───── Information

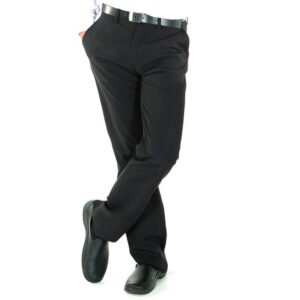 Pantalón negro camarero sin pinzas de microfibra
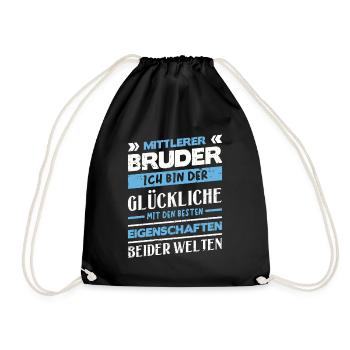 Mittelkind Sandwichkind Mittlerer Bruder - Turnbeutel - Schwarz - Vorne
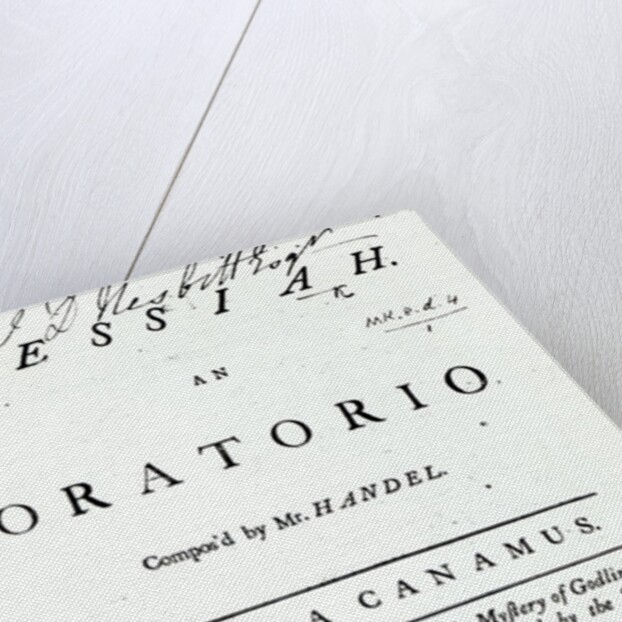 Cover of Sheet Music for Handel's Messiah by English School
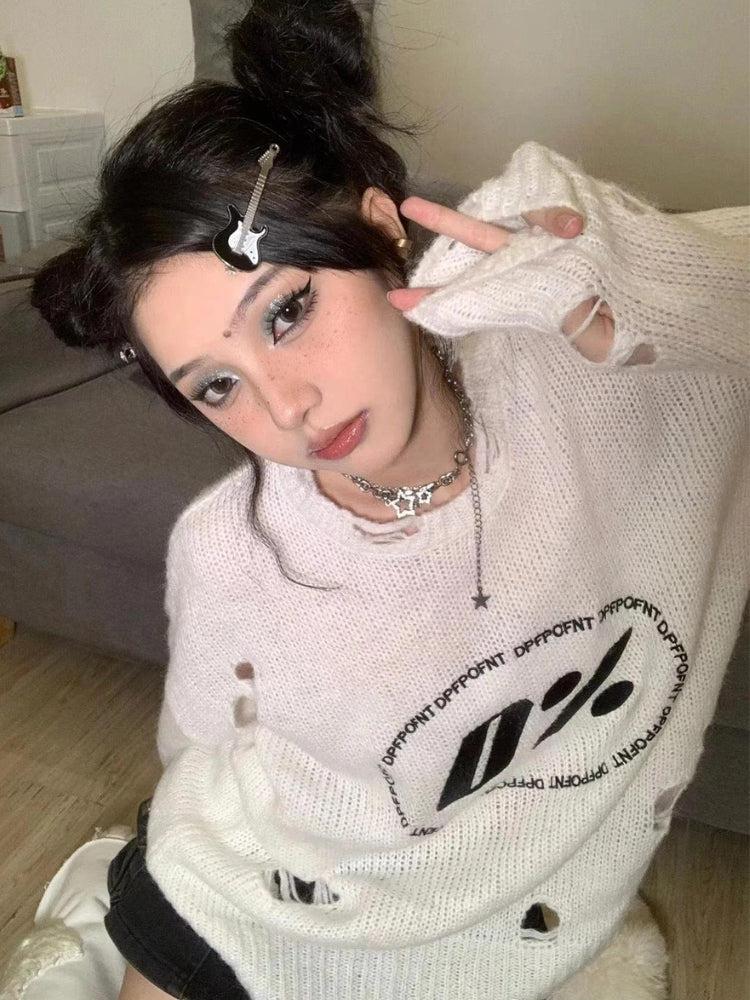 Y2K Grunge Distressed Knitted Sweater - Retro 90s Fashion Y2K Outfits Y2K Grunge Distressed Knitted Sweater - Retro 90s Fashion Y2K Outfits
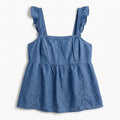 LOFT Outlet Womens M Blue Chambray Ruffle Strap Babydoll Tank Top Boho Casual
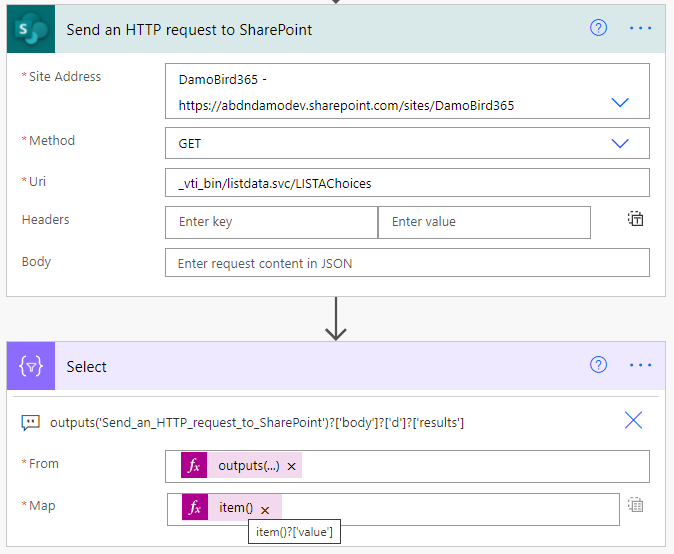Get choices via HTTP Request Action and repurpose via Select Action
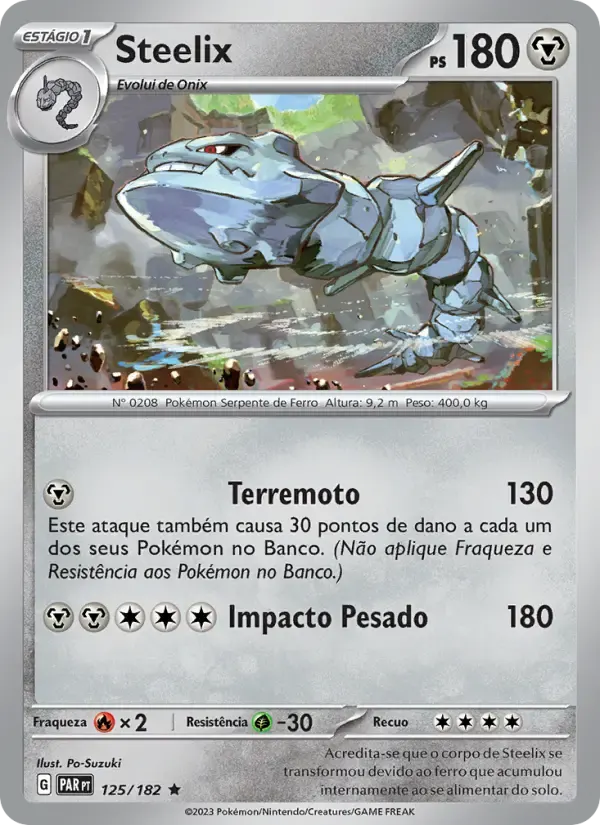 Steelix — Fenda Paradoxal 125 Portuguese Pokémon card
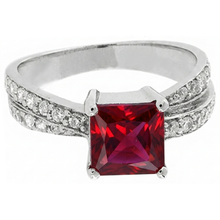 Afbeelding in Gallery-weergave laden, Princess Cut Rode Robijn Met Diamanten 4.10 Ct. Ring Wit Goud 14K
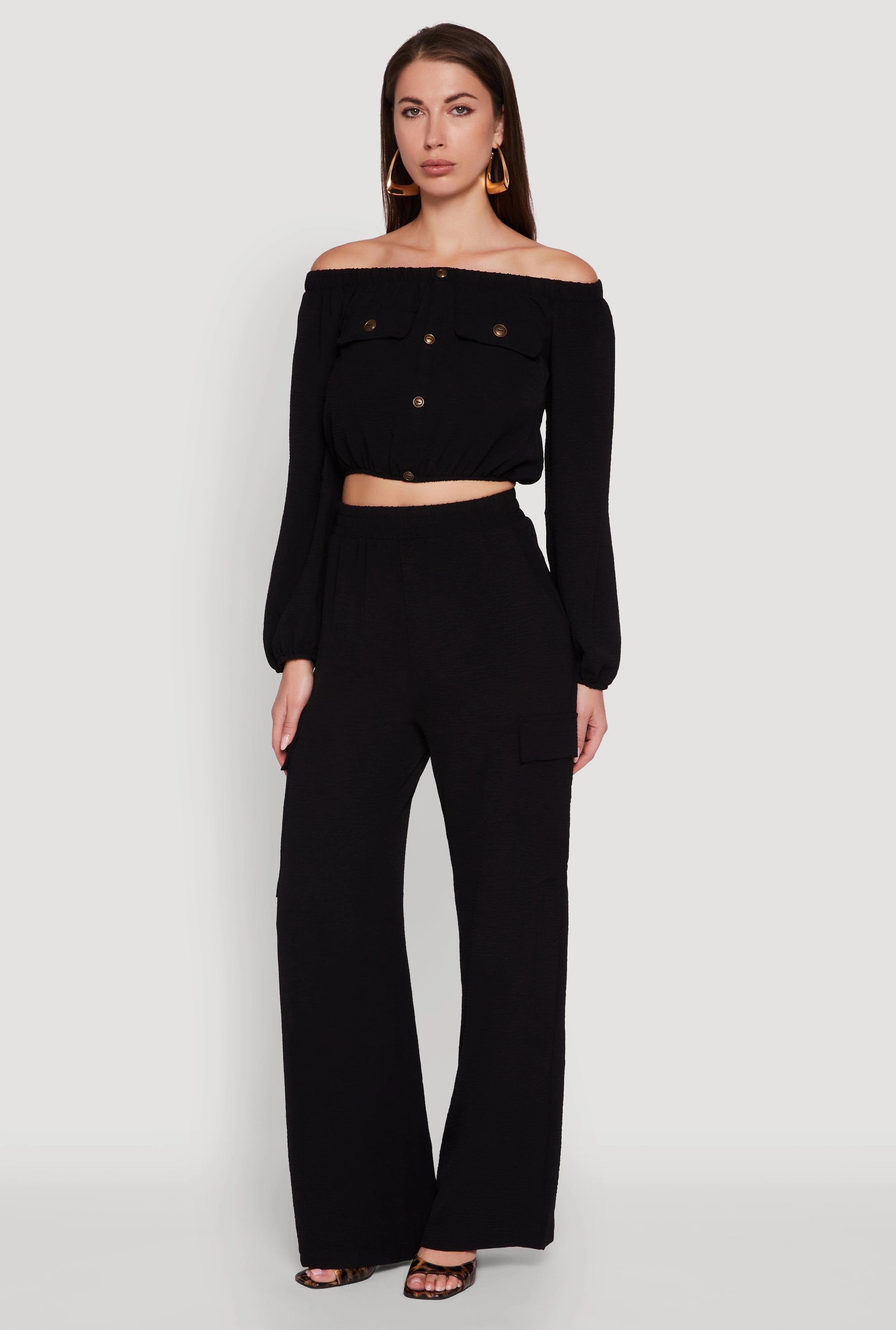 Earth related Crepe Knit Bubble Sleeve Off The Shoulder Crop Top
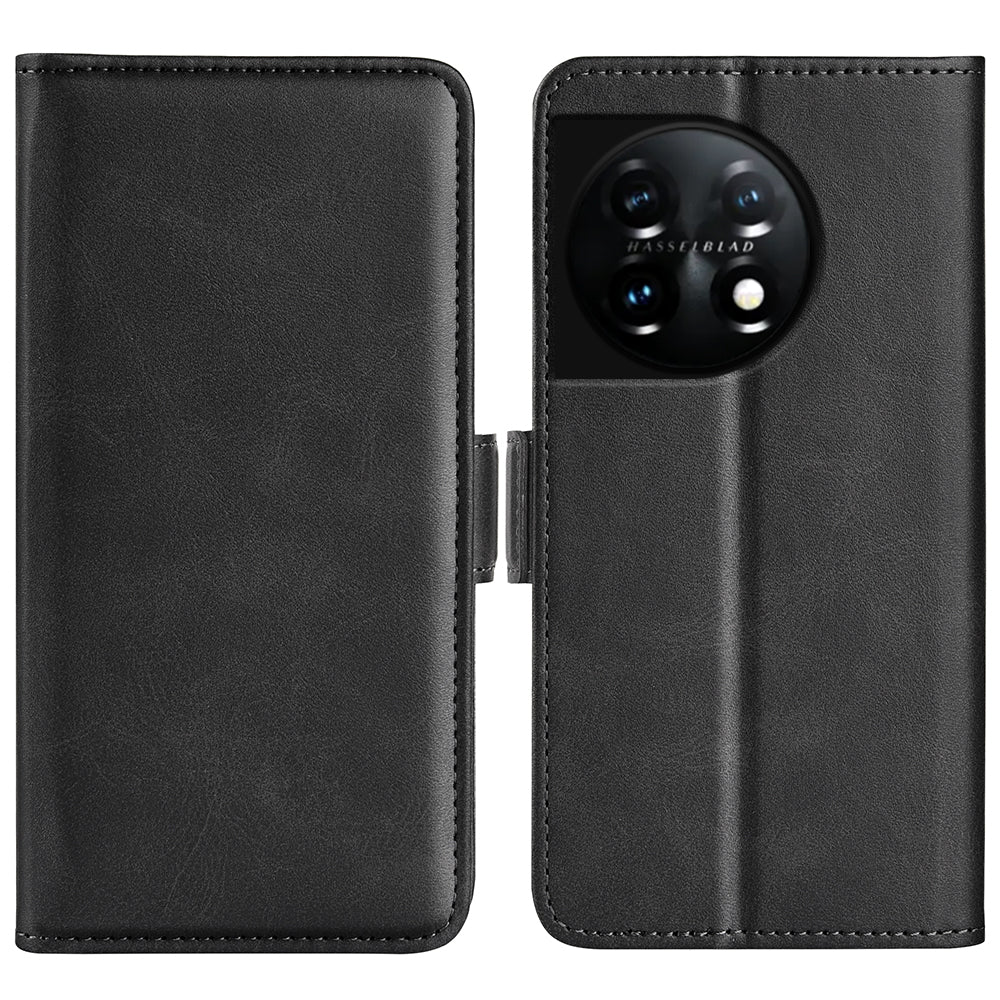 For OnePlus 11 5G Calf Texture PU Leather Phone Case Dual Magnetic Clasp Protective Cover with Stand Wallet - Black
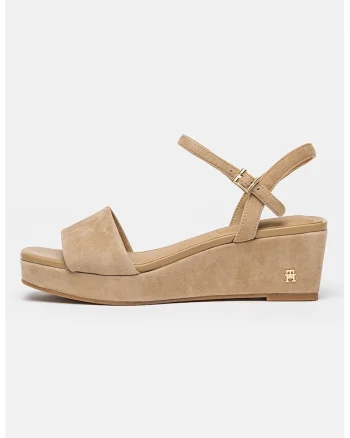 Sandale wedge de piele intoarsa, Bej inchis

──────────

(Task instructions) Restate, exactly as they appear, the line with "Afbeelding in Gallery-weergave" and all the lines after it up to the end of the data above; images do not belong in the copy.

(Result of the exercise)
 Afbeelding in Gallery-weergave laden, Princess Cut Rode Robijn Met Diamanten 4.10 Ct. Ring Wit Goud 14K
 Earth related Crepe Knit Bubble Sleeve Off The Shoulder Crop Top
 For OnePlus 11 5G Calf Texture PU Leather Phone Case Dual Magnetic Clasp Protective Cover with Stand Wallet - Black
 Sandale wedge de piele intoarsa, Bej inchis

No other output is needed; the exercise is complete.